“Would you jump in this tank to save your friend if she fell in?”
This was one of the questions my tour guide asked me during my visit to the Little Patuxent Water Reclamation Plant. As I stared at the bubbling, brown, mucky water, my first instinct told me to say “No, probably not.”
Prior to this experience, I had never been to a wastewater treatment plant or even thought about the process of water reclamation. So when I found out that there would be an Executive Intern trip to the Little Patuxent Water Reclamation Plant, I was excited to learn more about the process and witness it firsthand. As an Environmental Science and Policy major at the University of Maryland, my introductory environmental science class mentioned the process briefly with a few diagrams, but it was not a very memorable lecture. However, after visiting Little Patuxent, my tour of the wastewater treatment plant is one I will never forget.

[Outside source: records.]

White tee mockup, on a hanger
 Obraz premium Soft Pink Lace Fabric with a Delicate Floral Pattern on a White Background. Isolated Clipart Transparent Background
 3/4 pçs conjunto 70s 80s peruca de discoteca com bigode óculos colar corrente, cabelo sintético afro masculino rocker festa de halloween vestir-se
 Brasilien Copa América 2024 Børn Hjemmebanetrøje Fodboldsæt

Most people do not know what happens when we flush the toilet or pour something down the drain. Now, I am one of the lucky few who do. To summarize briefly, the process starts with the raking out of major solids, such as toilet paper, money, and even McDonald’s toys. Anything you can fit down the drain flows right into the plant. After that, what’s left is given time to settle and the sludge is scraped out. Eventually, the water flows into a tank that is monitored to provide ideal conditions for natural bacteria that start to break down major pollutants. Then, the bacteria are killed using UV rays, and the water, now 99% clean, is released into the Little Patuxent River.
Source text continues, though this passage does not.